Throughout much of the novel, Thyme is obsessively collecting time slips, hoping that if she is able to collect enough time, her parents will allow her to return home to California to see her best friend.
Although Conklin never used time slips with her own children, the idea was extrapolated from her own life.
“During summer vacation my kids would want to use electronic devices when they were not at the Baird camp, so I made them earn it,” Conklin said. “We used fake $1 from some game.
“My older son wanted an old phone and had to save $70 of pretend money,” Conklin added, saying that after two and a half months, her son did indeed collect enough chits to get that phone.
Although the main focus of the book is on the Owens children, elderly neighbor Mr. Lipinsky is one of the most compelling — and Conklin’s favorite.
“For me, while of course I love every character, I laugh every time I read Mr. Lipinsky’s parts,” she said.
Mr. Lipinsky, the codger living downstairs, is rude and aggravating, yet can also be kind and helpful. As the Owens face their own familial struggles, Mr. Lipinsky is facing his own trials — the trials of growing older and feeling lonely.
“Mr. Lipinsky reminds me of my grandfather,” Conklin said. “He could be gruff, but he was also very kind.

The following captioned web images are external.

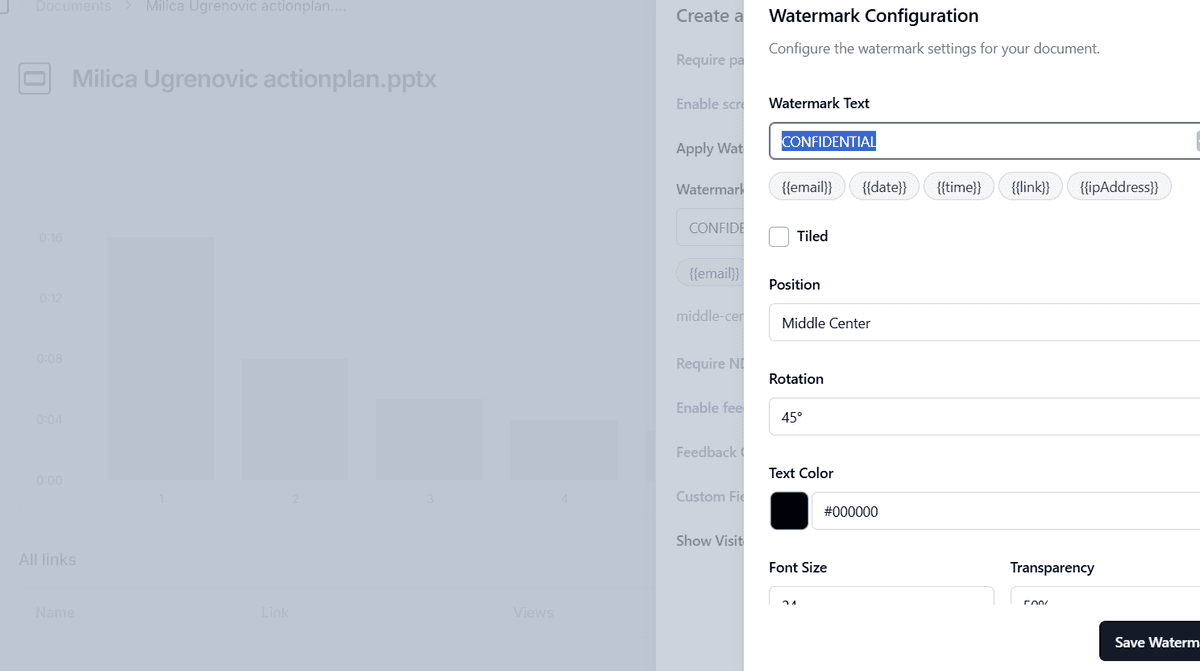 Customize Watermark Settings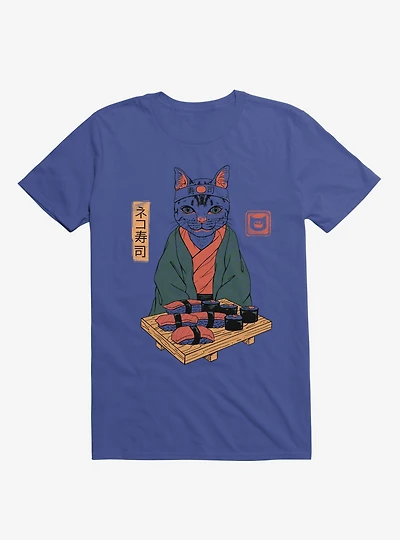 Neko Cat Sushi Bar Royal Blue T-Shirt
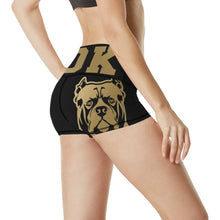 Load image into Gallery viewer, Black and Gold Yoga Shorts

“Mr. Lipinsky is a side character that gives you a lot in the end.”
While the book is intended to help pre-teens and teenagers navigating a difficult time in their lives, its message certainly applies to everyone, including the Mr. Lipinskys of the world.
“Thyme is struggling to find her place and how she counts in the greater picture and in her family,” Conklin said. “But everyone counts and everyone brings something unique to the world. Everyone contributes something.”
When not promoting her first novel or spending time with her family, Conklin is working on her second novel, which also stars middle-schoolers dealing with issues of friends and families. She will be at Words Bookstore tonight — along with a bake sale — so be sure to stop by.
“It’s going to be a fun event at Words,” Conklin said. “I’m really happy to support my local bookstore.”